Nasi Juniorzy starsi w weekend awansowali do finałów Mistrzostw Polski Juniorów starszych. To bardzo dobra wiadomość, tym bardziej, że trzech zawodników z tej drużyny na co dzień znajduje się w rotacji drużyny Seniorów. W przypadku Mateusza Fatza, Karola Kutty i Piotra Łucki może to oznaczać więc pewnego rodzaju przełamanie i odzyskanie pewności. Mamy ogromną nadzieję, że te dobre weekendowe występy przełożą się teraz na ekipę w I lidze i nasi młodzi koszykarze będą stanowili dużą wartość dodatnią dla gry całego zespołu. Odgrywają oni bowiem bardzo duże znaczenie wchodząc z ławki, lub w przypadku Fatza czasami nawet grając w wyjściowej piątce.

Bydgoszczanie są ostatnio w bardzo dobrych nastrojach. Nie dość, że młodej ekipie udało się awansować do czołowej ósemki drużyn w kraju, to seniorzy są ostatnio w passie dwóch kolejnych wygranych z rzędu, które umocniły nas na 7. pozycji w tabeli. Utrzymanie tego miejsca będzie dla nas priorytetem do zakończenia sezonu zasadniczego, a przy odpowiednim szczęściu i dobrym ułożeniu się pozostałych wyników, ciągle możemy liczyć na uzyskanie jeszcze wyższej lokaty. Teraz Astoria musi skupić się jednak nad każdym najbliższym poszczególnym meczem, a przed nami dwa pojedynki, które czarno-czerwoni są w stanie zwyciężyć.

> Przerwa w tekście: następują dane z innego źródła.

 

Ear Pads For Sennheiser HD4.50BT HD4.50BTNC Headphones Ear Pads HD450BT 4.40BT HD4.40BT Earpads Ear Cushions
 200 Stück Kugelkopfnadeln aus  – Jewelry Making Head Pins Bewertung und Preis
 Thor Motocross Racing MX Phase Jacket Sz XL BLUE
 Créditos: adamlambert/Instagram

Najpierw wybierzemy się do Siedlec, aby zagrać z tamtejszym SKK. O tym jak dobrze nasi zawodnicy znają tą drużynę pisaliśmy już wielokrotnie. Od pewnego czasu rywale mają jednak nowego szkoleniowca, którym został Teohar Mollov, czyli syn Teodora, który aktualnie jest szkoleniowcem reprezentacji Polski kobiet. Ten trener od samego początku wprowadził do swojej ekipy odpowiednie zmiany i gra SKK wygląda w ostatnim czasie dużo lepiej, aniżeli na samym początku rozgrywek. Wystarczy napisać, że nasi najbliżsi rywale wygrali ostatnie 4 mecze z rzędu na własnym parkiecie, a mamy już potwierdzenie, iż najbliższy pojedynek na obcym terenie nie będzie należał do najłatwiejszych.

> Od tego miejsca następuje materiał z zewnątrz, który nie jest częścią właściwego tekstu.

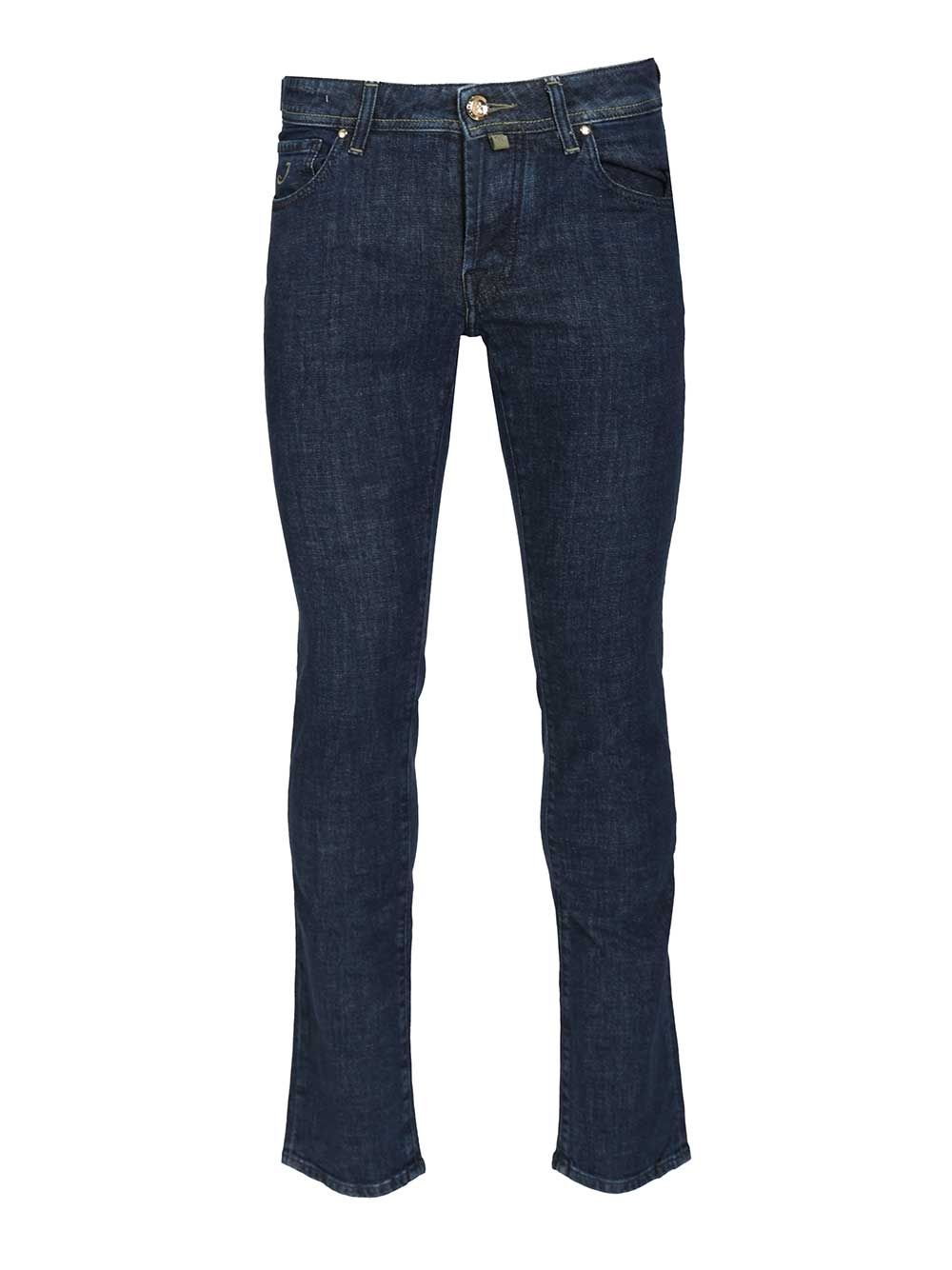 Jacob Cohen Pant 5 Pkt Slim Fit Nick R2 Salpa Verde 11 Oz Jeans - Blue | 7d3edd9a58936870d54e89d5d250cd4fe2975ac7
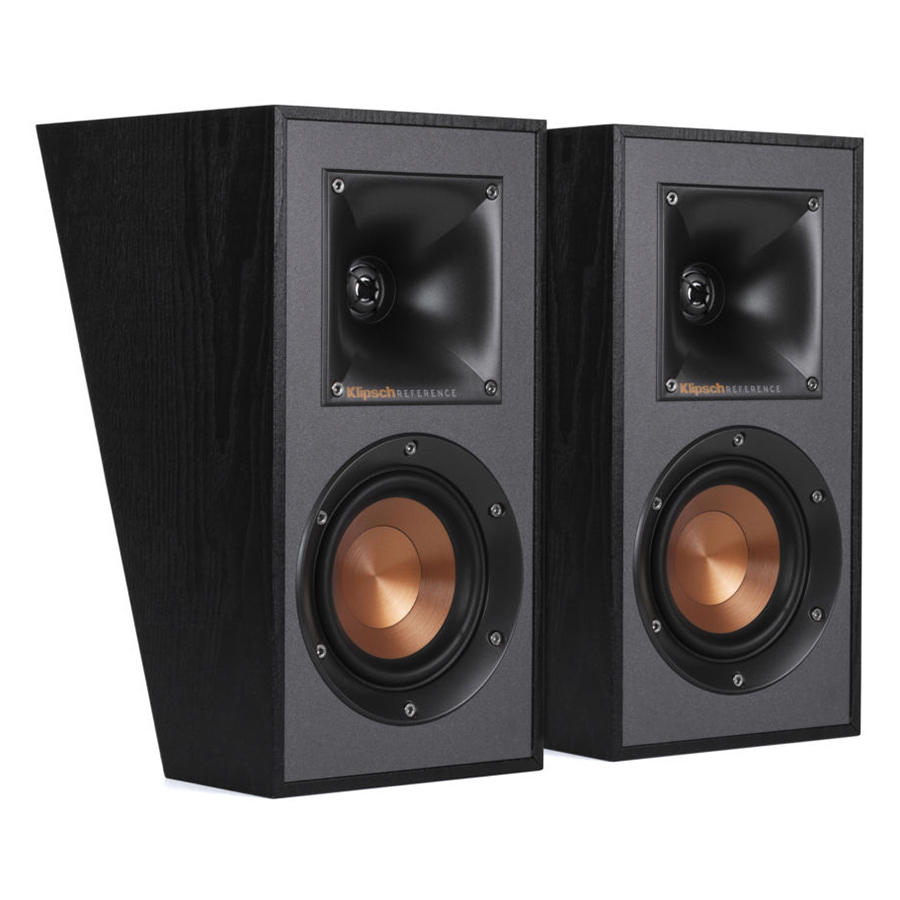 Loa Surround Klipsch R-41SA BLK/GNM (100W) - Hàng Chính Hãng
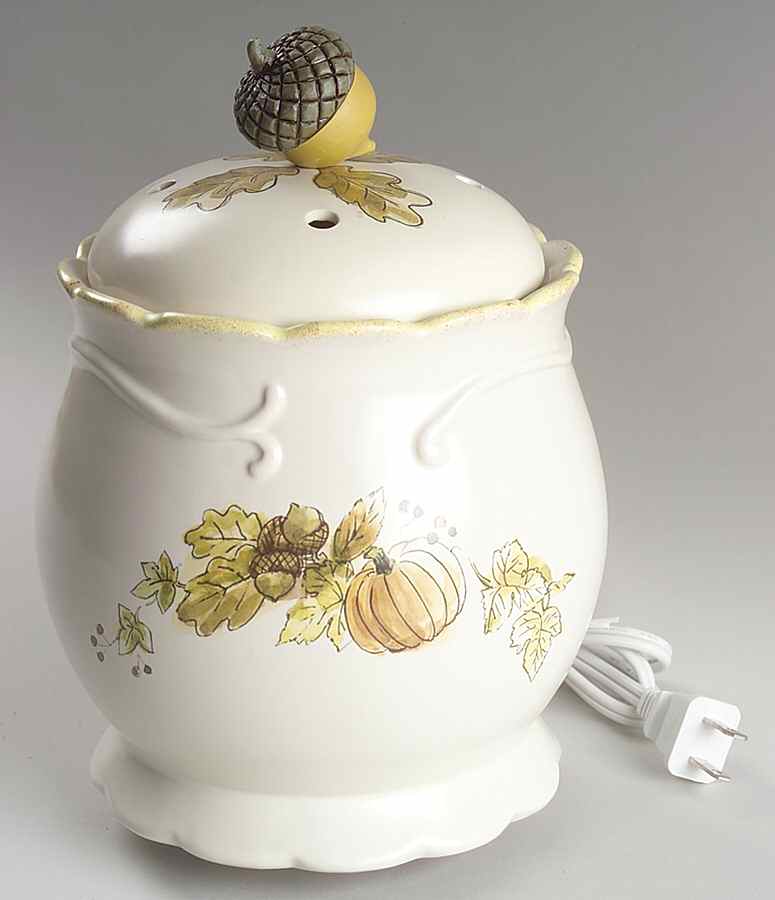 Plymouth Electric Candle Jar Warmer by Pfaltzgraff-1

W obronie będziemy musieli skupić się przede wszystkim na naszym byłym zawodniku Marcinie Kowalewskim. Ten gracz w pierwszej rundzie w Bydgoszczy zaliczył słabszy występ na zaledwie 2 punkty, więc teraz z pewnością będzie chciał się zrehabilitować swojej byłej drużynie, a potrafi on stanowić zagrożenie, gdyż notuje w tym sezonie średnio 14 punktów na dobrej 44.1% skuteczności z gry, dodając co mecz 2.2 celne rzuty zza łuku. Pod koszem musimy zwrócić uwagę przede wszystkim na 204 cm centra Rafała Rajewicza (11.8 punktów i 7.8 zbiórki), a obwodowi powinni starać się ograniczyć możliwości Rafała Sobiło (11.2 punktów). Trzeba też jednak zaznaczyć, że SKK często korzysta ze swojej ławki rezerwowych, więc ograniczenie zaledwie 2-3 zawodników nie będzie kluczem do sukcesu. Potrzebna będzie dobra zespołowa obrona, taka jaką bydgoszczanie zaprezentowali ostatnio w Radomiu.

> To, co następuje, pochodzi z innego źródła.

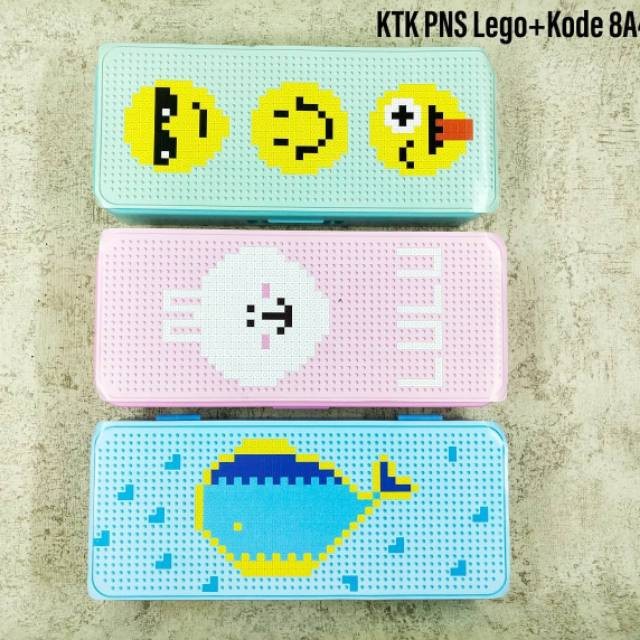 

[S_ATK] KOTAK PENSIL LEGO 8A43
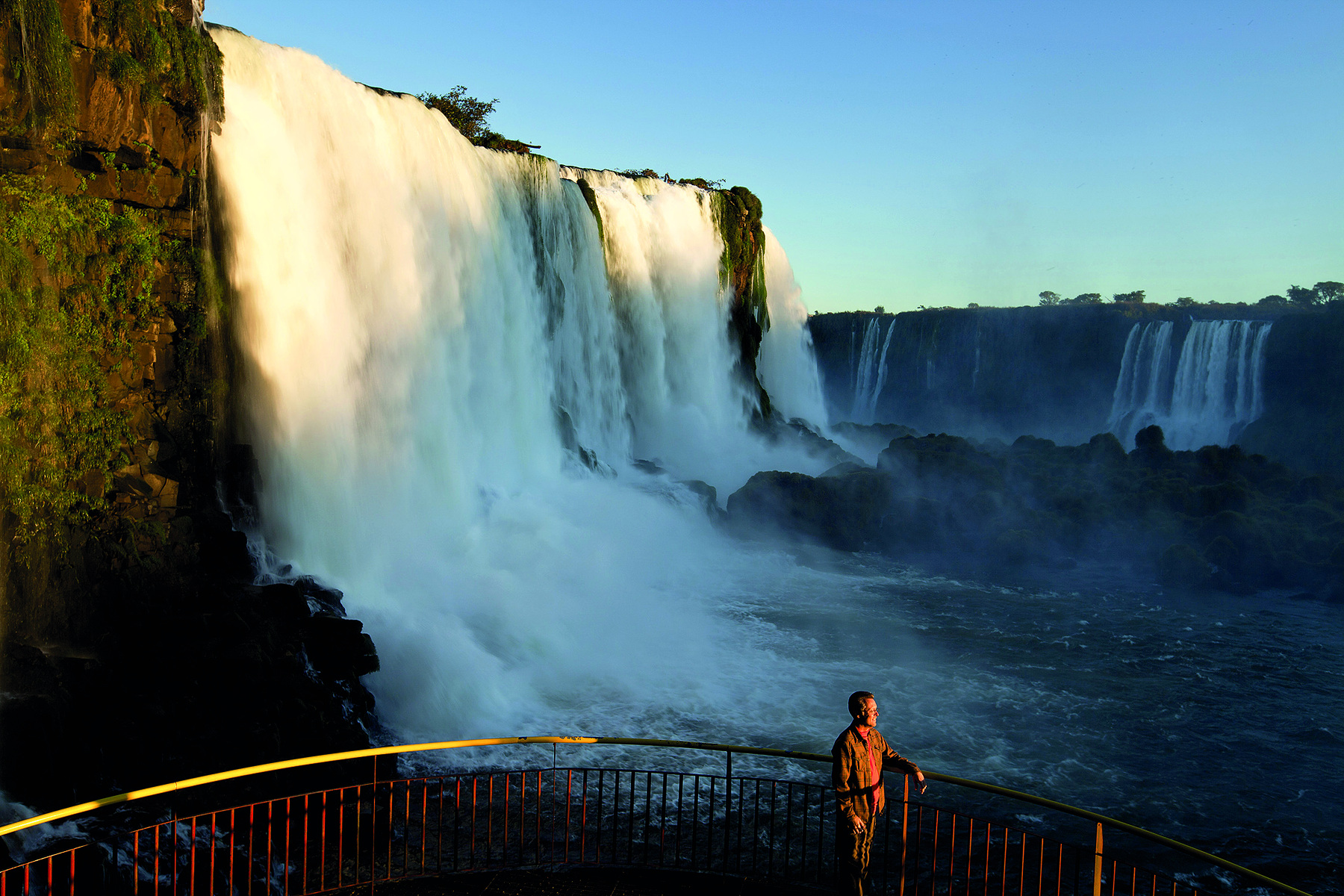 Fotografia. A imagem das cataratas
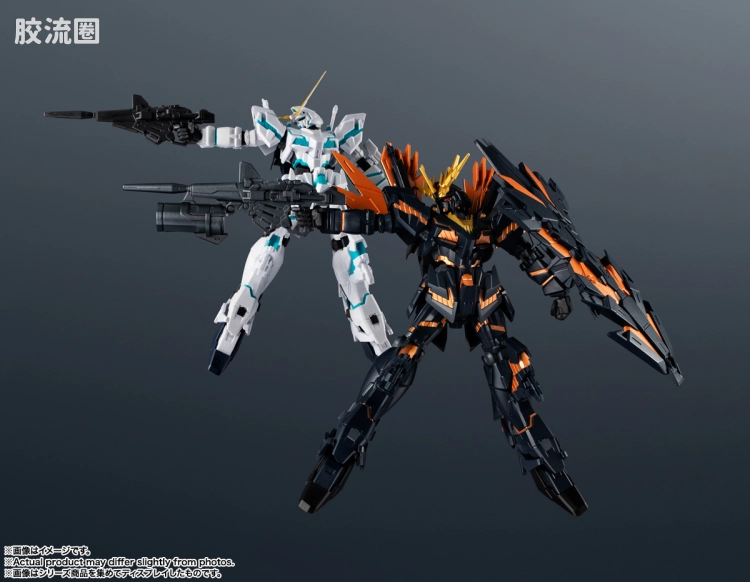 GUNDAM UNIVERSE系列 普通版 GU-33 报丧女妖 命运女神 - 图片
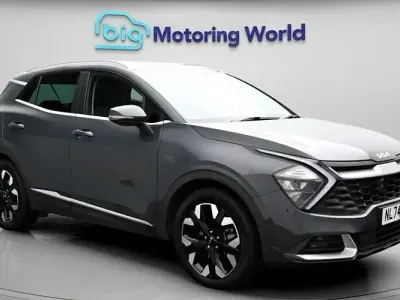 Used Kia Sportage 245 HP (180 kW) 2024 Grey SUV
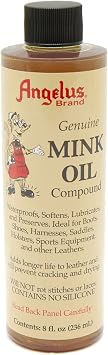 Angelus Professional Mink Oil Compound- 8 oz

Jeśli wspominamy o tym słynnym pojedynku z rezerwami Rosy, nie ma co ukrywać, że możemy liczyć na kolejny dobry występ tercetu Robak, Mazur i Grod. Nasze przedsezonowe nabytki spisały się rewelacyjnie w Radomiu zdobywając łącznie 70 punktów i chociaż ciężko będzie w najbliższym czasie powtórzyć ten wynik, to kolejna solidna postawa tych graczy z pewnością pomogłaby w odniesieniu kolejnego zwycięstwa. Jeśli w jakiś sposób zawiedzie nas skuteczność rzutowa, to możemy być przynajmniej pewni, że ci gracze dostarczą odpowiednią energię po bronionej stronie boiska. Podsumowując Astoria jedzie do Siedlec po trzecie zwycięstwo z rzędu i kolejny raz staje przed szansą uzyskania dodatniego bilansu, a o tym czy tak się stanie, przekonamy się późnym środowym wieczorem.

Początek spotkania o godz. 20.00.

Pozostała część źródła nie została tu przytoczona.